La démocratie directe est le quatrième et dernier estomac du système politique helvétique.
4 fois par an, la population suisse se rend aux urnes pour voter sur des objets fédéraux.
50 000 citoyens ou 8 cantons peuvent demander la tenue d’un vote populaire sur toute loi votée par le Parlement et certains référendums sont obligatoires. Cela a un impact sur le travail du Parlement, puisque les députés intègrent l’opinion des groupes qui auraient les moyens de lancer le référendum déjà au moment d’élaborer une loi.
Ceci m’amène au troisième point qu’il faudra clarifier dans le cadre de l’accord institutionnel avec l’Union européenne : je parle bien sûr des mesures d’accompagnement, qui  visent à protéger le salarié de la sous-enchère salariale. Ces mesures doivent être sauvegardées; le travailleur ne doit pas craindre que la signature de l’accord institutionnel péjore ses conditions salariales et professionnelles. Le quatrième estomac du système politique suisse ne pourra pas digérer l’accord, si une telle crainte subsiste.


Mesdames et Messieurs,
J’ai évoqué les trois principaux soucis de la Suisse concernant l’accord institutionnel avec l’UE : pour que celui-ci soit conclu, ces soucis devront être clarifiés et levés.

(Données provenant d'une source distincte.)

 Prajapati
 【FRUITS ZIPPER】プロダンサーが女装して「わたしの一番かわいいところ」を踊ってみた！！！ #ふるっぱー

C’est à cette condition que l’accord pourra être digéré par les quatre estomacs qui constituent notre système politique. C’est à cette condition que la Suisse pourra conclure l’accord institutionnel avec l’UE. Le Sénat suisse, appelé souvent « chambre de réflexion », contribuera sans aucun doute à poser ce débat dans sa juste dimension tant il est vrai que notre haute chambre est réputée pour prendre parfois le contrepied des médias et des réseaux sociaux si prompts à s’émouvoir immédiatement de tout sans se préoccuper durablement de rien.
Un ami africain m’a dit un jour : « Vous, en Suisse, vous avez les montres. Mais nous, en Afrique, nous avons le temps ! »
Le temps long de la réflexion. Ce temps long de la réflexion politique si cher à feu Monsieur Philippe Séguin, que j’ai eu le privilège de connaître, et qui est certainement la vrai richesse qu’apportent à nos démocraties nos deuxièmes chambres dites « de réflexion ».
Merci de votre attention et merci de votre accueil.


Jean-René Fournier,
Président du Conseil des États de la Confédération suisse.